Provided information:
<<<<

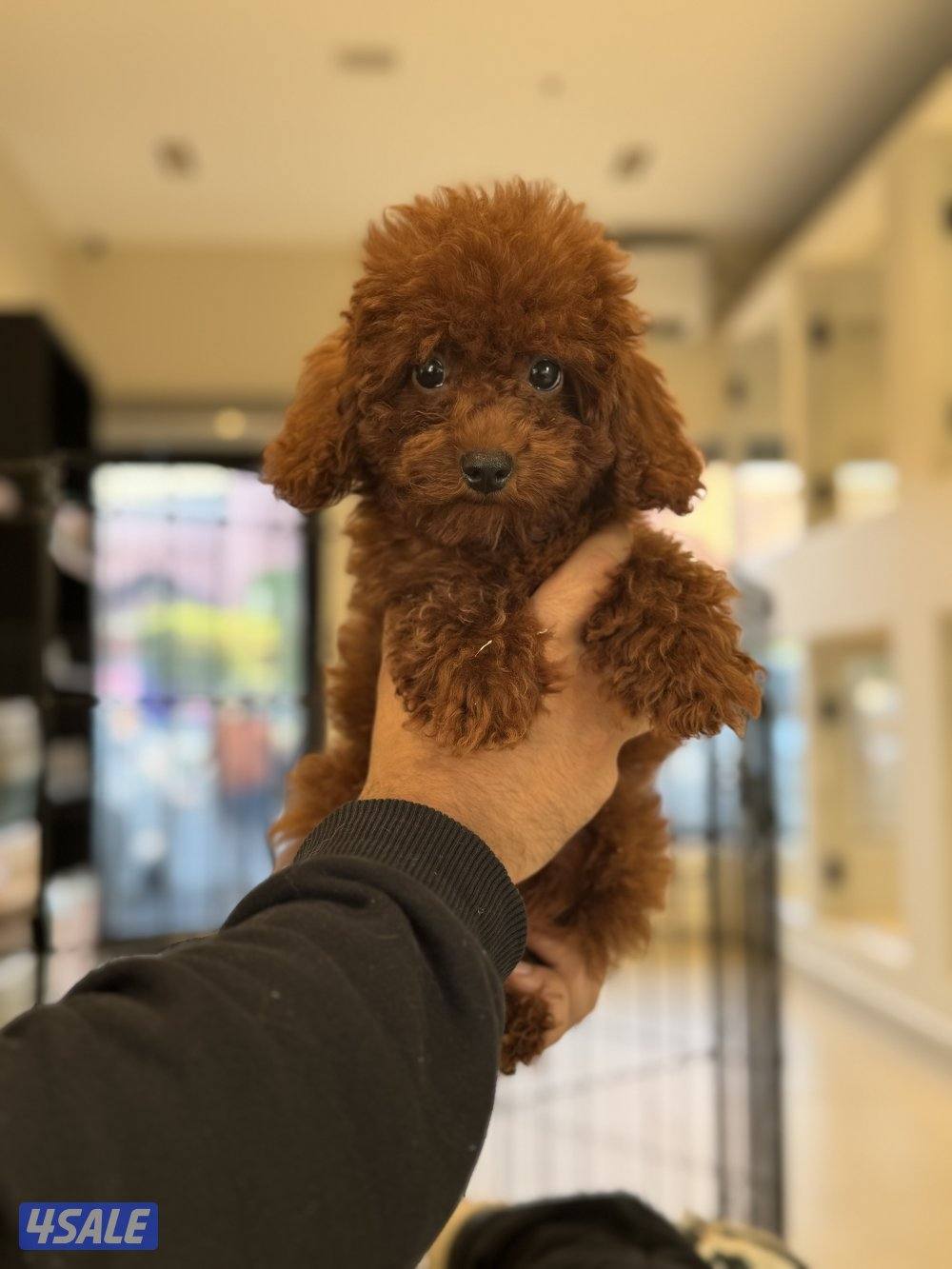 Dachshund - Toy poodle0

>>>>
<<<<

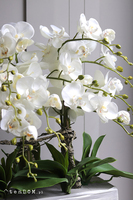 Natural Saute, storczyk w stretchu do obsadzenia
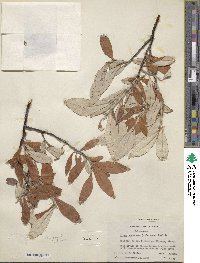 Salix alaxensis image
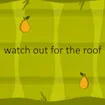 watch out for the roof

>>>>

The task:
Print, exactly and with no pictures, the lines of the listing above starting at the one that has "Natural Saute, storczyk" and ending at the one that has "watch out for the roof", both included.

Output below:
 Natural Saute, storczyk w stretchu do obsadzenia
 Salix alaxensis image
 watch out for the roof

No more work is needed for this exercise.